Using an advanced technique, scientists discover that one of the most common substances in our everyday lives — glass — is more complex than we thought.

First, some background

Made up largely of silicon and oxygen, glass plays a huge role in our lives as the building block of products from windowpanes to fiber-optic cables and other technological materials. So it's important to understand, predict and optimize the molecular structure of different types of glass. It's particularly important to understand the role of oxygen ions, which in conventional models of most glass-forming compositions always bond to one or two silicon atoms.

What is the finding?

Scientists in the MagLab's Nuclear Magnetic Resonance (NMR) Facility used a challenging double-resonance NMR technique to probe the structure of a specific kind of glass made up of CaO, MgO and SiO₂. For the first time, they have directly detected so-called "free" oxide ions in the compound's structure — ions that are not bound to silicon. Their finding contradicts standard models of glass structure.

THE TOOLS THEY USED

This research was conducted in the MagLab 800 MHz solid state NMR system at the MagLab's NMR Facility.

Why is this important?

These findings indicate that standard models need to be revised to include a more complex and disordered network structure than previously predicted. This may have major impacts on thermodynamic models of melt and glass properties, as well as on phase diagrams for technologically important glasses.

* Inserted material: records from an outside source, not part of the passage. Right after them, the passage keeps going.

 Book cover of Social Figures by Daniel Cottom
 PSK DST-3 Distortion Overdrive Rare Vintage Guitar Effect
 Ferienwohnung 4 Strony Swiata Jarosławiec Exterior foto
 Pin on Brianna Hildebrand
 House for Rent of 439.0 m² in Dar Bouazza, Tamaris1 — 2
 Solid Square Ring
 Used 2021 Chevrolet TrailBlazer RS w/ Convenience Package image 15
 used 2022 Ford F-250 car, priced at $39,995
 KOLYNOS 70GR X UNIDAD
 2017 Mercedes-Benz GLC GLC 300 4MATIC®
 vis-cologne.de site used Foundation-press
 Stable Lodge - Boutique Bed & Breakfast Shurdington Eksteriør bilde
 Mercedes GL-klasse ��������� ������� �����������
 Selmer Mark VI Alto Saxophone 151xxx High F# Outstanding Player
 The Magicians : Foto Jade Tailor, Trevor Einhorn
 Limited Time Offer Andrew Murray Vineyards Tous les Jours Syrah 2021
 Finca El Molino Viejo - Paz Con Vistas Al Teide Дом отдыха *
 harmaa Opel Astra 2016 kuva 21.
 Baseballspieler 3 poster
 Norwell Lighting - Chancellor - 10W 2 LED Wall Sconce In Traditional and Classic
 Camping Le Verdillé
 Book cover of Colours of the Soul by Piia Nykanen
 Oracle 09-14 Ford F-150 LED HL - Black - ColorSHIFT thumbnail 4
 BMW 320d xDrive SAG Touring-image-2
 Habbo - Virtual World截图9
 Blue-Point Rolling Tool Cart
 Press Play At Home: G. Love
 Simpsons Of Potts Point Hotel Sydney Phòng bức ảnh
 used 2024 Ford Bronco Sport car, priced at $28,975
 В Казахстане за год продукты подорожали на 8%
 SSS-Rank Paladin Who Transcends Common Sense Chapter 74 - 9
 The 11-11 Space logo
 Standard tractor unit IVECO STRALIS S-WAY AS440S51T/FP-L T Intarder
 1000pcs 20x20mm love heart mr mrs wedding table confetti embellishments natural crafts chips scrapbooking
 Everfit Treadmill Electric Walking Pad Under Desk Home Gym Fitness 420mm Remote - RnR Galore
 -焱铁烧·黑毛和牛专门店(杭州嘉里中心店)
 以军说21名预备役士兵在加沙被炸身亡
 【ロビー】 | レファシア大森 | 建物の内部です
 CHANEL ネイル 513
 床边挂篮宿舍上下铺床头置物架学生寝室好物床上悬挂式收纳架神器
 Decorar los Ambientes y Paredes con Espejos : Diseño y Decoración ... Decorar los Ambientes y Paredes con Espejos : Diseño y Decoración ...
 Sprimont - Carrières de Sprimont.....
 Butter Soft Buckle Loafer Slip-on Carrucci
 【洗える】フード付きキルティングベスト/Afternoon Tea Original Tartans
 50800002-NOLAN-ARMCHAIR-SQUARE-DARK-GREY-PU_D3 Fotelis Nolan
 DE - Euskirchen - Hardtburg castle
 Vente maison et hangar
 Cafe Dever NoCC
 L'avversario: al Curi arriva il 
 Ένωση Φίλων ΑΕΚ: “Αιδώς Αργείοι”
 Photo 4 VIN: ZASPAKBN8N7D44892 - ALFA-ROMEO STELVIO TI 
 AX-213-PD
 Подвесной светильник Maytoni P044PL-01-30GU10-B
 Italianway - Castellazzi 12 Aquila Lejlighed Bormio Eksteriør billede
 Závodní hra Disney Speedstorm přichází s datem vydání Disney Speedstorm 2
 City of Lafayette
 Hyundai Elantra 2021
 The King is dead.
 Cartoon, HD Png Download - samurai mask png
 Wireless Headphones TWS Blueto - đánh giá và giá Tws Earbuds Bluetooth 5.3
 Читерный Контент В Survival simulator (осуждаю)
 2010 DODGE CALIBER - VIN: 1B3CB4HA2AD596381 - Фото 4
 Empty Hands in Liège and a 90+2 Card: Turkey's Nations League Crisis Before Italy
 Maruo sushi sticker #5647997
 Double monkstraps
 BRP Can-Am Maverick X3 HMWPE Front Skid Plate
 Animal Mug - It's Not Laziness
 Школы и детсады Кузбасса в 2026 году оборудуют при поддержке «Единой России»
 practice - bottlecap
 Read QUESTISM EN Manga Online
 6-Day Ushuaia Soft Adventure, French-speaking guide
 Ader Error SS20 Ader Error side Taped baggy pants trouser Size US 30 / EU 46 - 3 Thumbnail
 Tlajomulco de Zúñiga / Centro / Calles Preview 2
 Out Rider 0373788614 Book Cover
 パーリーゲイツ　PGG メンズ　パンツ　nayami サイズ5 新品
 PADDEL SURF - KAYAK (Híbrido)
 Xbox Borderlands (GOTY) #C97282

In addition, this experiment shows that this promising technique (known as CP-HETCOR) can be used for making observations on different glass compositions in the future. The technique was able to measure the transfer of a property called nuclear spin polarization between the oxygen and silicon atoms.

Who did the research?

Ivan Hung¹, Zhehong Gan¹, Peter L. Gor'kov¹, Derrick C. Kaseman², Sabyasachi Sen², Michelle LaComb³, Jonathan F. Stebbins³

¹NHMFL; ²University of California, Davis; ³Stanford University

Why did this research need the MagLab?

This double-resonance NMR experiment is very challenging due to the low natural abundances, low sensitivities and small couplings between the oxygen and silicon nuclei. The National MagLab offers the high magnetic fields, sensitive NMR instruments and innovative pulse sequences that make observation of free oxide ions possible.

Details for scientists

View or download the expert-level Science Highlight, Detection of "free" oxide ions in silicate glasses by double-resonance solid-state NMR
Read the full-length publication, Detection of "free" oxide ions in low-silica Ca/Mg silicate glasses: Results from 17O→29Si HETCOR NMR, in J. Non-Cryst. Solids.

Funding

This research was funded by the following grant: G.S. Boebinger (NSF DMR-1157490); J.F. Stebbins (NSF EAR-1521055); S. Sen (NSF DMR-1505185)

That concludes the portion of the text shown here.